Почти все царствование Петра наполняют войны. Война сама по себе есть насилие: мудрено ли, что насилие вторгалось и в области, где ему совсем не место? Нельзя с именем Петра связывать начала, общие тогда всей Европе, нельзя эти начала считать за историческое завещание. То, что выдвинуло Петра из ряда московских самодержцев, это отнюдь не жестокость и вовсе не дубина, которою он колотил друзей. Выдвигает его на недоступную высоту глубокое сознание исторических нужд России, неукротимая отвага в достижении грандиозных замыслов, вера в общечеловеческий разум и вера в способность своего народа быть великим. «То академик, то герой, то мореплаватель, то плотник», Петр ощущал в себе львиную душу молодого народа, стремящегося, вышедшего на поиски счастья. Не чуждый веселья самого простонародного, Петр был чужд изнеженности и ненужной роскоши, и прежде всего был чужд лени. Величие Петра в том, что, как ни один монарх в истории, он воплотил в себе идеал народный: идеал не царя только, а и просто человека. Глядя на Петра, хочется сказать: вот каким должен бы быть каждый крестьянин – таким же сильным, деятельным, предприимчивым, неутомимым, таким же простым во вкусах и верным в исполнении долга, таким же переимчивым и жадным в просвещении. Петр был до того русским, что вместил в себе кое-какие и пороки народные, но они, как в хорошем крестьянине, исчезают в блеске его достоинств, и просто некстати говорить о пороках в эти дни. Из столь замечательной души следует взять только то, что было в ней великого, и на этом нужно сосредоточить все внимание. Самое великое в Петре было, как ни странно это звучит, его смирение, его искреннее сознание невежества, которым была окутана Россия. Искренним смирением отличаются лишь исключительные умы. Петр решительнее всех предшественников признал вселенское знание выше национального, опыт общечеловеческий выше местного. Петр стал выше той глупой гордости, которая боится унизить себя принятием чужой истины. Петр искал правды и брал ее всюду, где находил. Не насилие и не дубина, а знание как секрет согласия – вот истинный девиз Петра. Он и сам учился, и всех тянул к науке, вот его движущее начало, вот настоящее, часто забываемое его завещание. Дубинка – мелочь, это средство отчаянное и случайное, и если бы сам Петр всерьез верил в дубинку, зачем тогда была бы и наука? Зачем просвещение, которое он спешил насаждать? Зачем этот восторг перед мастерством Запада и страстная мечта добиться во всем независимости свободы от иностранцев?
Возвращая нашу историю к ее началу, Петр был выразителем не татарского, а древнерусского духа, проводником исконных новгородских начал. Петр родился в Москве, но сердце в нем было вольное, мечтательное, стремящееся к всемирной жизни. Как старинные новгородцы, ходившие по морям, по широкому раздолью Волги, забиравшиеся в неведомые страны, Петр вывел Россию на дорогу подвигов, на дорогу трудных, но крайне интересных приключений. Узнавать новое, подвигаться вдаль, обмениваться со всем светом жизнью своей страны, усваивать все радостное, общечеловеческое, светлое – вот путь Петра, и это вовсе не путь насилия. Не Тамерлан или даже не Наполеон, – Петр был полон мирной, организующей энергии, полон исключительной расположенности к соседям и желания со всеми жить в дружбе. Войны Петра были восстановлением условий, необходимых для мирного сожительства, не более. Борьба Петра с русскою стариною была восстановлением правды, как он ее понимал.
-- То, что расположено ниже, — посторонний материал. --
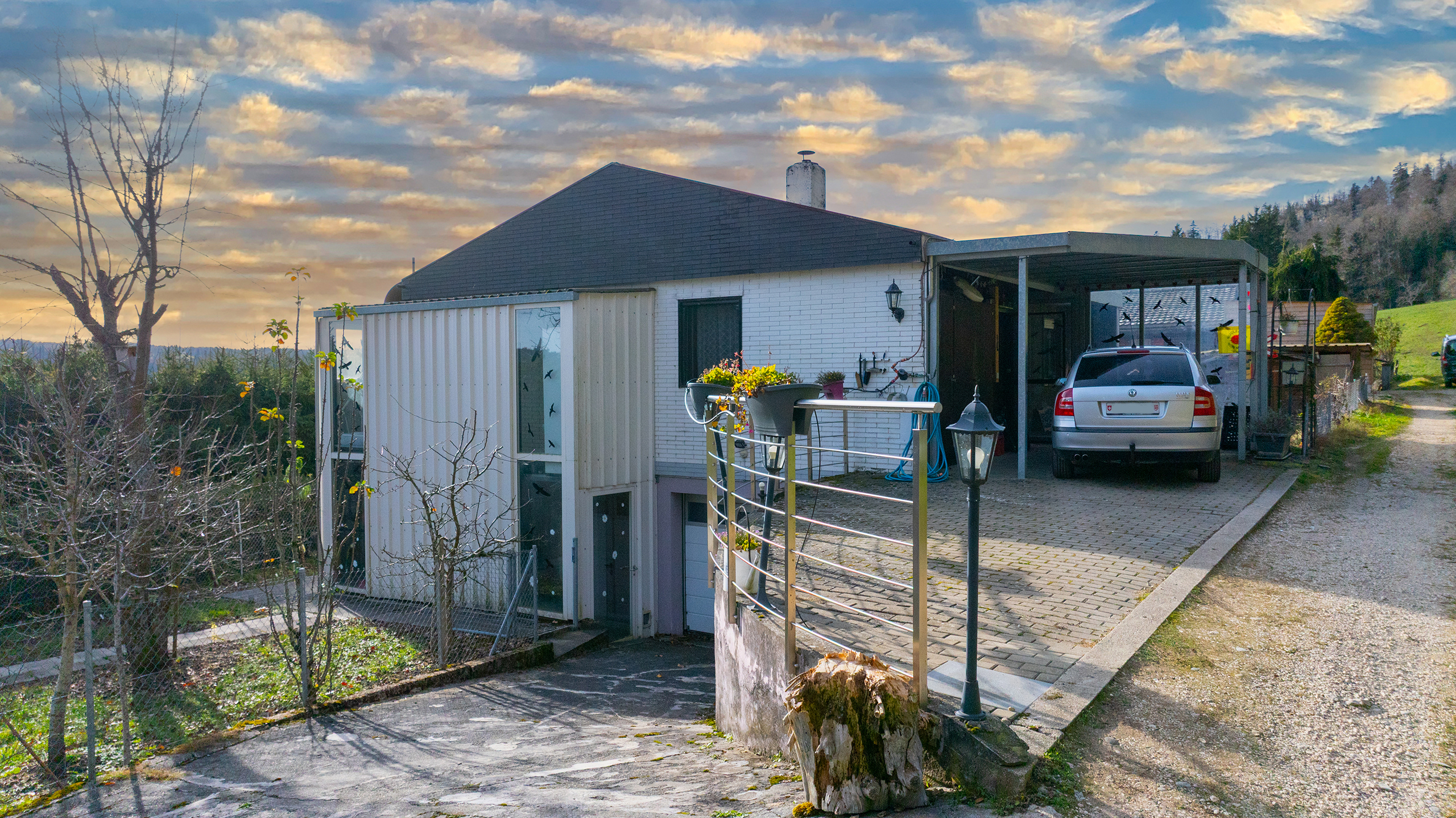 Haus mit Carport und Gartenhang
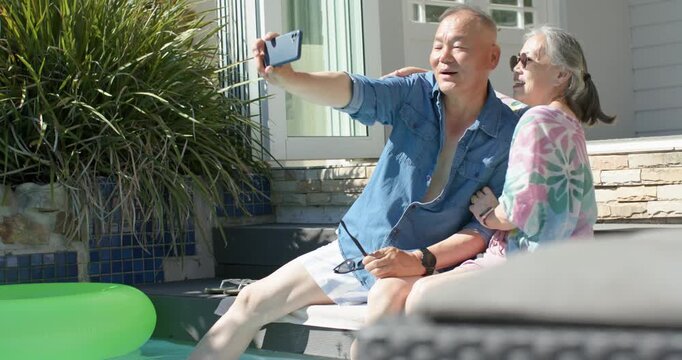Mature Asian couple posing at pool edge while man holding smartphone and sunglasses, capturing kiss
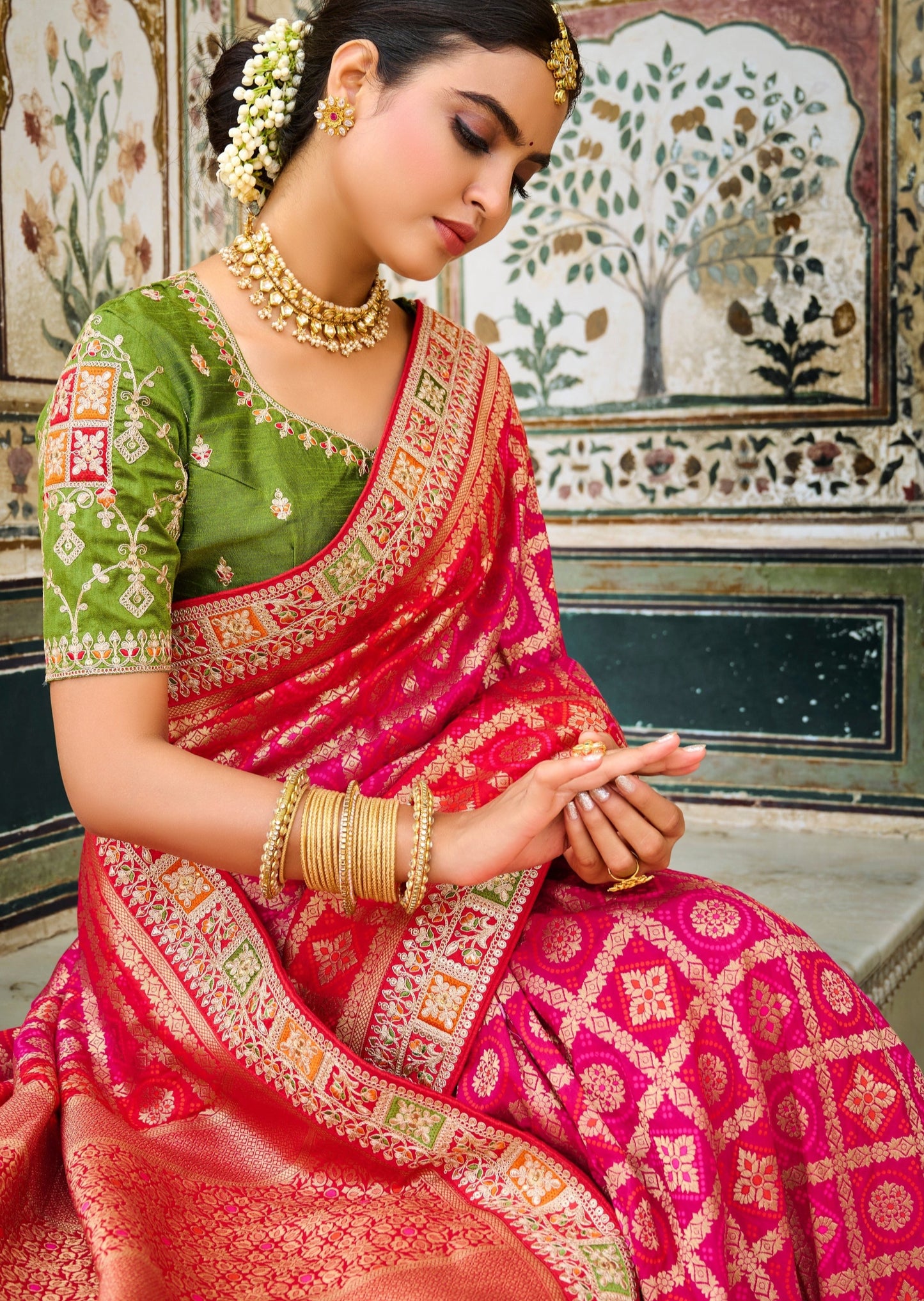 Banarasi Patola Silk Pink Saree with Contrast Green Blouse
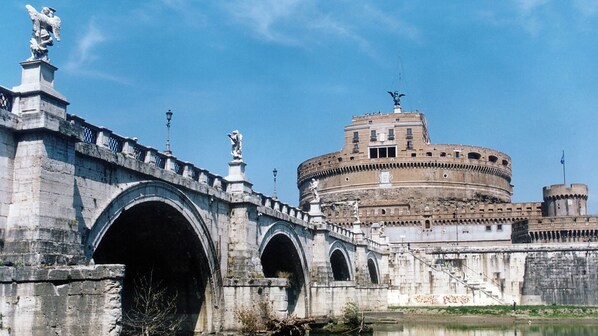 A stone bridge with arches, a statue, and a large historic building with a dome in the background.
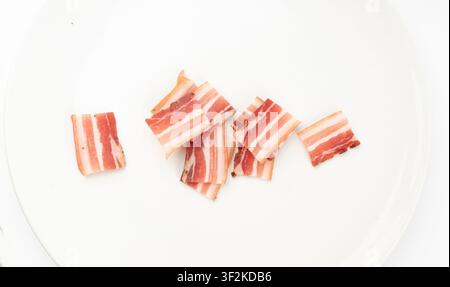 Porc carbonara séché isolé, tranches de bacon fumé cru, tranches de brisket rayées, bacon fin et frais tranché sur fond blanc, vue par-dessus Banque D'Images
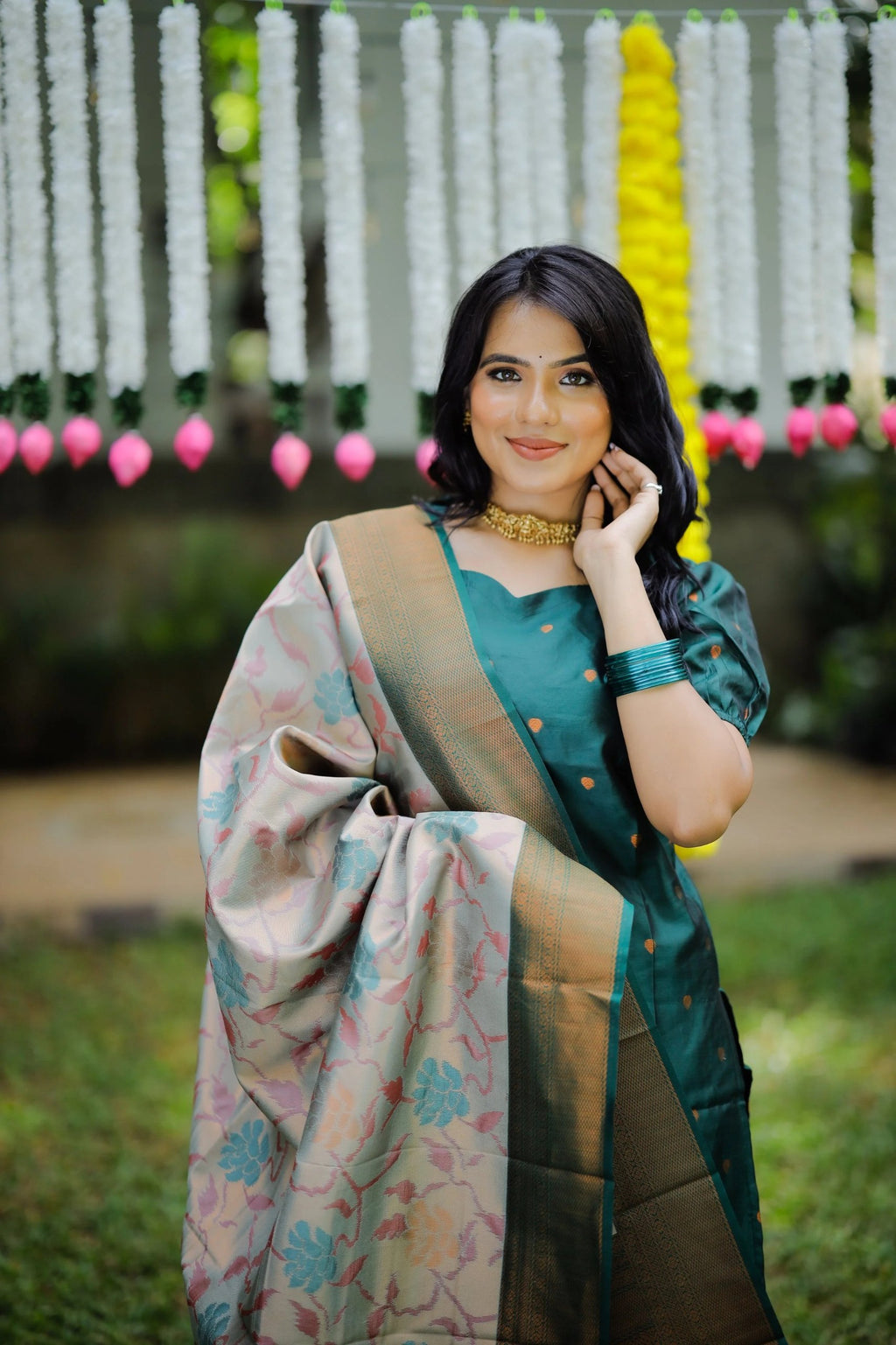 Woman wearing a puff sleeve green kurta with palazzo, accessorized with a gold choker and a Banarasi dupatta.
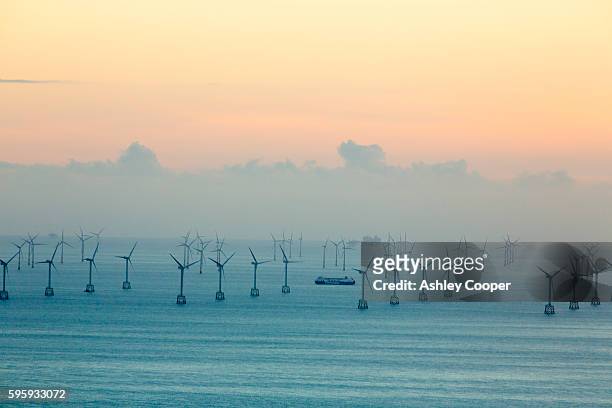 an offshore wind farm and gas platfroms in morecame bay from the summit of black combe, cumbria, uk. - oil rig uk stock pictures, royalty-free photos & images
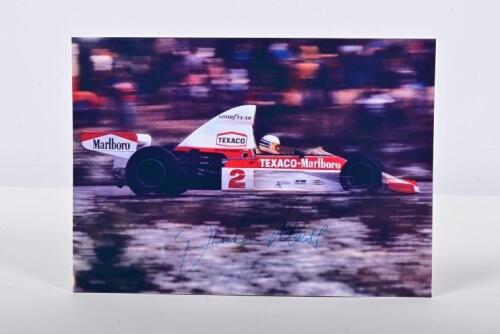 MASS: A colour picture of Jochen Mass racing a McLaren M23. Jochen Mass signature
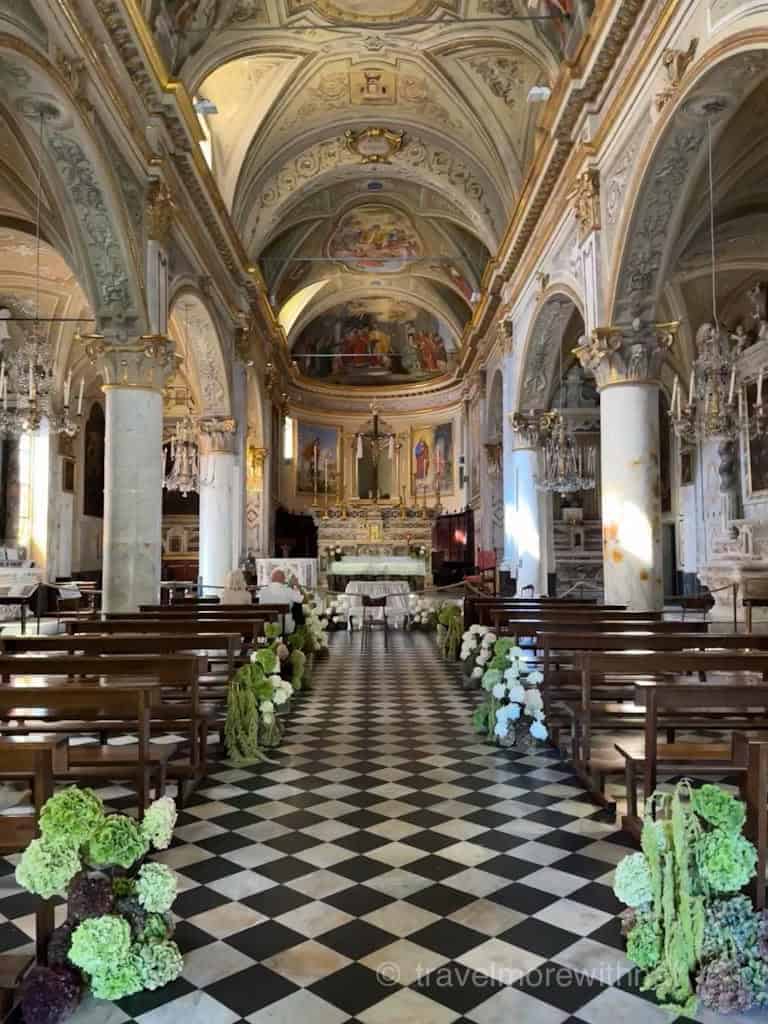 An ornate church interior with a decorated aisle, rows of wooden pews, and a checkered floor. Chiesa del Divo Martino decorated for a wedding day in Portofino.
Неутомимый царь умер рано, не назначив себе даже преемника. Но преемником великих дел оказался весь народ русский. Петербург – доказательство, что народ счел замыслы Петра своими собственными. За двести лет выяснилось, что дело Петра было глубоко национальное и что Петербург был более национальною потребностью, чем Москва. Вступая в третий век по-петровской эры, мы чувствуем, что дело великого реформатора не кончено. Встань он из гроба, он тотчас бы увидел огромное множество задач исторических и неотложных и, конечно, еще раз показал бы нам, что значит работать с верою, одушевлением и величием и что значит делать историю, достойную своего народа.
24-го августа 1903 г.
Совершилось нечто неожиданное, что застало врасплох и публику, и печать. Портфель министра финансов перешел из очень опытных и сильных рук – правда, в руки тоже, по-видимому, уверенные и твердые. В западной печати эта передача портфеля рассматривается как европейское событие. О нем толкуют так и этак, повторяя мифы и легенды, или, выражаясь проще, – сплетни и анекдоты, какими окружено имя всех выдающихся людей на свете. В данном случае печати рассуждать приходится об области таинственной, вроде Северного полюса: никто из журналистов, конечно, не был на месте «европейского события» и достоверно знает не больше, чем значится в трех строчках Высочайшего указа.